Training large models across multiple GPUs is a common bottleneck, and Hugging Face Accelerate is the go-to library for making this seamless.
Let’s see Accelerate in action. Imagine you have a script train.py that trains a simple BERT model for sequence classification.
# train.py
import torch
from torch.optim import AdamW
from transformers import BertForSequenceClassification, BertTokenizer
from accelerate import Accelerator
from datasets import load_dataset
# 1. Initialize Accelerator
accelerator = Accelerator()
# 2. Load data and model
dataset = load_dataset("glue", "sst2")
tokenizer = BertTokenizer.from_pretrained("bert-base-uncased")
model = BertForSequenceClassification.from_pretrained("bert-base-uncased", num_labels=2)
optimizer = AdamW(model.parameters(), lr=1e-5)
# Preprocess data
def preprocess_function(examples):
return tokenizer(examples["sentence"], truncation=True, padding="max_length", max_length=128)
tokenized_datasets = dataset.map(preprocess_function, batched=True)
train_dataset = tokenized_datasets["train"].shuffle(seed=42).remove_columns(["sentence", "idx"])
train_dataset.set_format("torch")
# 3. Prepare everything with Accelerator
model, optimizer, train_loader = accelerator.prepare(
model, optimizer, torch.utils.data.DataLoader(train_dataset, batch_size=8, shuffle=True)
)
# Training loop
for epoch in range(3):
model.train()
for batch in train_loader:
outputs = model(**batch)
loss = outputs.loss
accelerator.backward(loss)
optimizer.step()
optimizer.zero_grad()
if accelerator.is_main_process:
print(f"Epoch {epoch}, Loss: {loss.item():.4f}")
if accelerator.is_main_process:
print("Training finished!")
To run this script on a single GPU, you’d normally just do python train.py. But to scale it, you use the accelerate command:
accelerate launch train.py
This single command orchestrates the distributed training. Accelerate handles the complexities of data parallelism, gradient synchronization, and device placement under the hood. You don’t need to manually wrap your model with DistributedDataParallel or manage communication primitives.

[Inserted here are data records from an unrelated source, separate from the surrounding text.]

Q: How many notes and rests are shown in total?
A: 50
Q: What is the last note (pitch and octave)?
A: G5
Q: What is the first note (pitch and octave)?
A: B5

The core of Accelerate’s magic lies in the Accelerator object. When you initialize it, it detects your hardware setup (GPUs, TPUs, CPUs) and configures itself accordingly. The accelerator.prepare() method is where the heavy lifting happens. It takes your PyTorch model, optimizer, and data loaders and wraps them in a way that’s compatible with distributed training. For data parallelism, it automatically wraps your model with DistributedDataParallel (or the equivalent for TPUs) and handles moving batches to different devices.
The accelerator.backward(loss) call replaces the standard loss.backward(). This version correctly handles gradient synchronization across all processes, ensuring that each GPU’s gradients are averaged before the optimizer step. This is crucial for maintaining consistent model updates across all replicas.

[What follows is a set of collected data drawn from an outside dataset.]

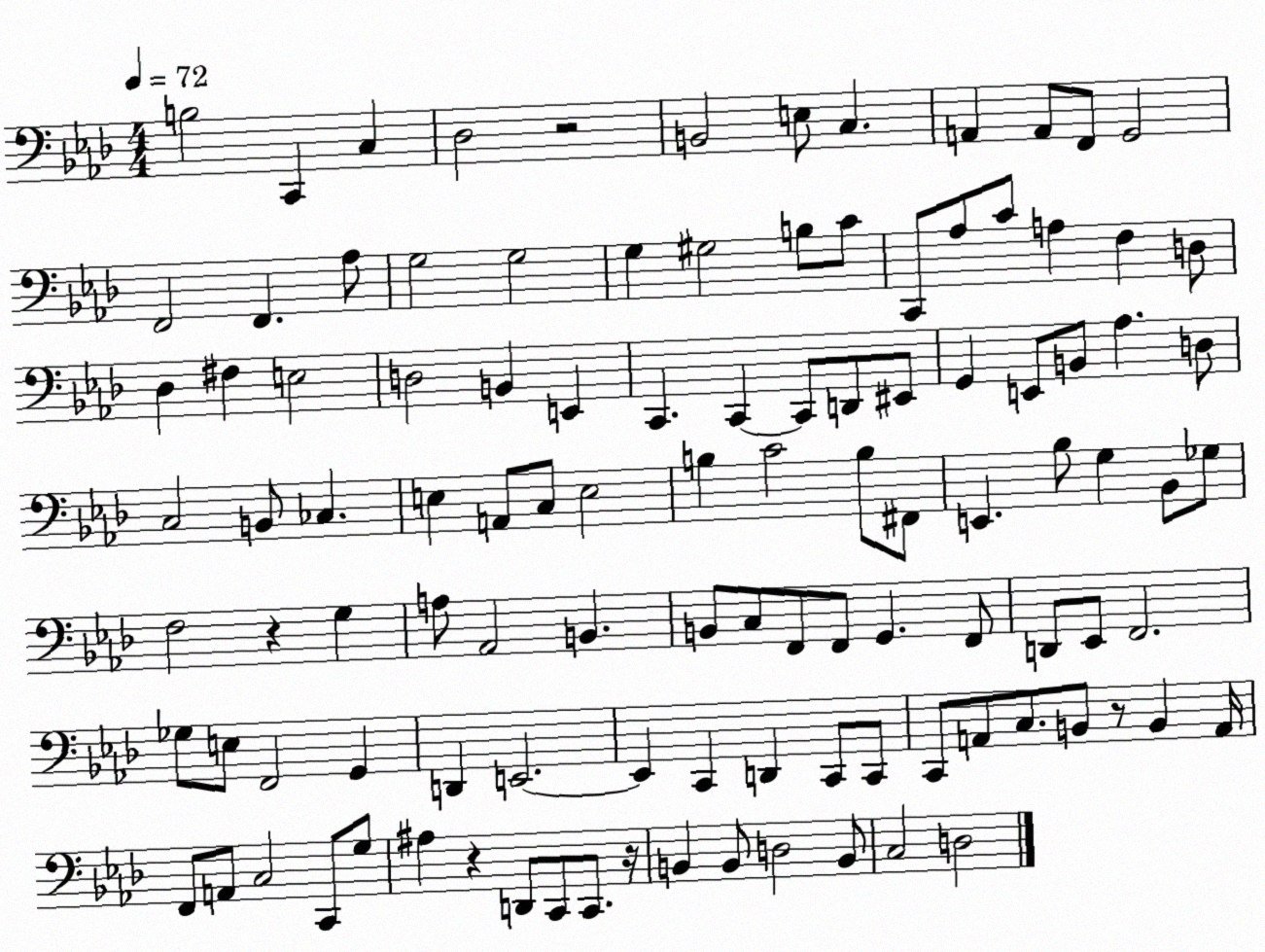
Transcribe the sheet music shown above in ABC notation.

X:1
T:Untitled
M:4/4
L:1/4
K:Ab
B,2 C,, C, _D,2 z2 B,,2 E,/2 C, A,, A,,/2 F,,/2 G,,2 F,,2 F,, _A,/2 G,2 G,2 G, ^G,2 B,/2 C/2 C,,/2 _A,/2 C/2 A, F, D,/2 _D, ^F, E,2 D,2 B,, E,, C,, C,, C,,/2 D,,/2 ^E,,/2 G,, E,,/2 B,,/2 _A, D,/2 C,2 B,,/2 _C, E, A,,/2 C,/2 E,2 B, C2 B,/2 ^F,,/2 E,, _B,/2 G, _B,,/2 _G,/2 F,2 z G, A,/2 _A,,2 B,, B,,/2 C,/2 F,,/2 F,,/2 G,, F,,/2 D,,/2 _E,,/2 F,,2 _G,/2 E,/2 F,,2 G,, D,, E,,2 E,, C,, D,, C,,/2 C,,/2 C,,/2 A,,/2 C,/2 B,,/2 z/2 B,, A,,/4 F,,/2 A,,/2 C,2 C,,/2 G,/2 ^A, z D,,/2 C,,/2 C,,/2 z/4 B,, B,,/2 D,2 B,,/2 C,2 D,2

The accelerator.is_main_process check is used to prevent redundant operations, like printing to the console or saving checkpoints, from occurring multiple times on each process. Only the main process (usually rank 0) performs these actions.
The real power comes when you configure Accelerate for multi-GPU. After installing Accelerate (pip install accelerate), you run accelerate config. This interactive script asks you questions about your environment:
- Do you want to use mixed precision? (e.g.,
fp16) - How many processes? (e.g.,
2for two GPUs) - Which machine type? (
multi-GPUorsingle-GPU) - Which deep learning framework? (
pytorch)
Once configured, Accelerate saves a default_config.yaml file. For example, a multi-GPU setup might look like this:
compute_environment: LOCAL_MACHINE
distributed_type: MULTI_GPU
downcast_bf16: 'no'
gpu_ids: all
machine_rank: 0
main_process_ip: 127.0.0.1
main_process_port: 29500
mixed_precision: fp16
num_machines: 1
num_processes: 2
use_cpu: false
Now, accelerate launch train.py will automatically use this configuration, distributing the training across the specified number of GPUs with the chosen precision.
What most users don’t realize is that accelerator.prepare also handles device placement. You don’t need to manually call .to(accelerator.device) on your model, optimizer, or data tensors. Accelerate takes care of moving everything to the correct device for each process. This significantly simplifies your training code, allowing you to write a single script that works out-of-the-box for single-GPU, multi-GPU, and even TPU training with minimal or no modifications.
The next step in scaling might involve exploring DeepSpeed or FSDP integration, which Accelerate also supports through its configuration.